-- Task brief --
Give again, exactly and without pictures, the lines running from the line with "아리가또 닛케이日 증시 34년 만에 빵 뜨자 일학개미 환호 머니투데이" to the end of the records below.

-- Available data --
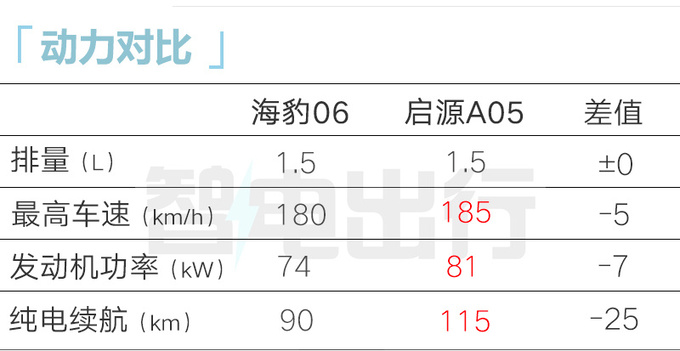 比亚迪海豹06 DM-i首发搭5代DM 预计8.98万起售-图9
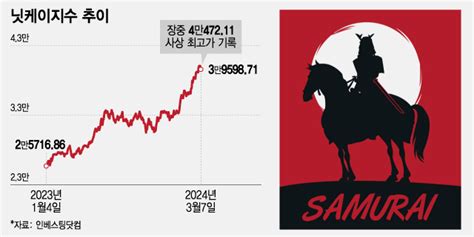 아리가또 닛케이日 증시 34년 만에 빵 뜨자 일학개미 환호 머니투데이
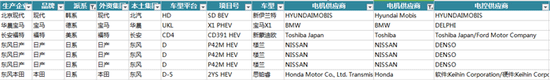 新能源汽車電機電控配套信息解讀——西安泰富西瑪電機(西安西瑪電機集團股份有限公司)官方網(wǎng)站 新能源汽車電機電控配套信息解讀——西安泰富西瑪電機(西安西瑪電機集團股份有限公司)官方網(wǎng)站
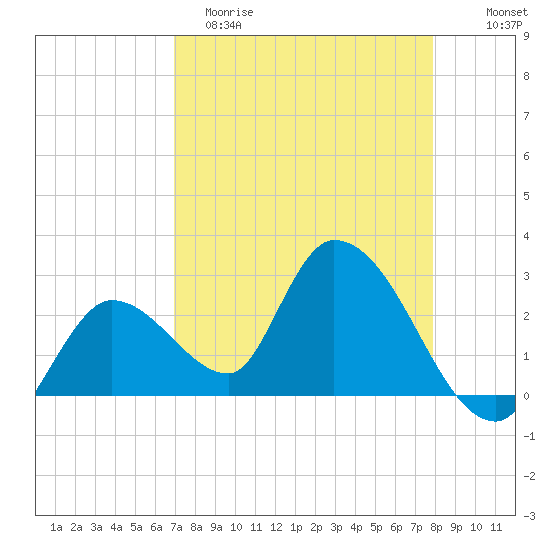 Big Spanish Key tide chart for Saturday, April 22, 2023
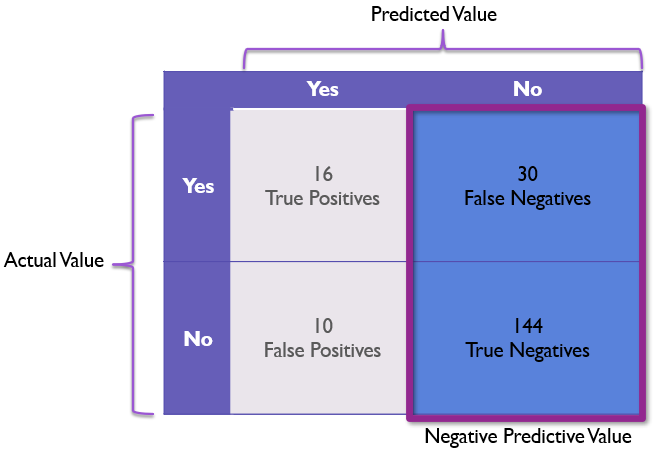 Confusion Matrix Highlighting NPV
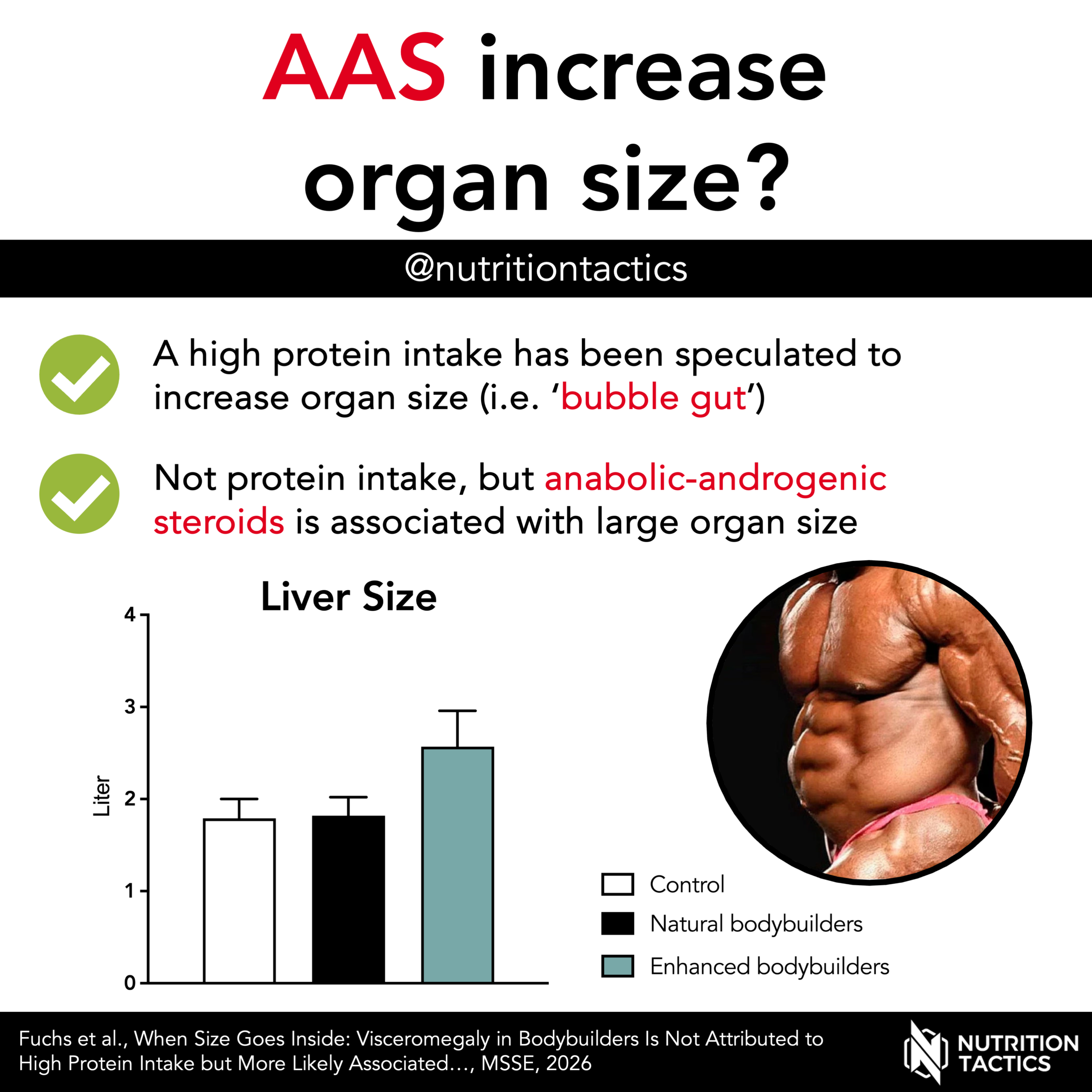 Shows liver size is larger in enhanced bodybuilders vs natural bodybuilders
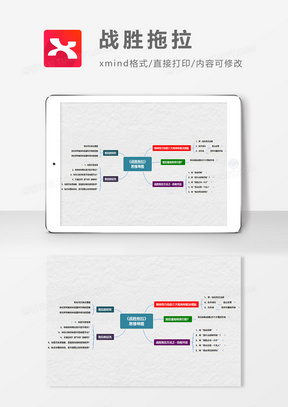 战胜拖拉培训思维导图XMind模板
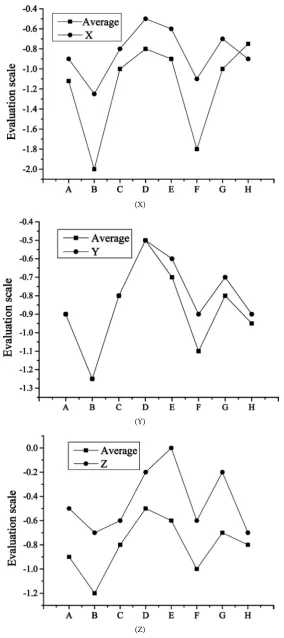 Figure 2. Village evaluations of pressure (X, Y, Z).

-- Expected output --
 아리가또 닛케이日 증시 34년 만에 빵 뜨자 일학개미 환호 머니투데이
 新能源汽車電機電控配套信息解讀——西安泰富西瑪電機(西安西瑪電機集團股份有限公司)官方網(wǎng)站 新能源汽車電機電控配套信息解讀——西安泰富西瑪電機(西安西瑪電機集團股份有限公司)官方網(wǎng)站
 Big Spanish Key tide chart for Saturday, April 22, 2023
 Confusion Matrix Highlighting NPV
 Shows liver size is larger in enhanced bodybuilders vs natural bodybuilders
 战胜拖拉培训思维导图XMind模板
 Figure 2. Village evaluations of pressure (X, Y, Z).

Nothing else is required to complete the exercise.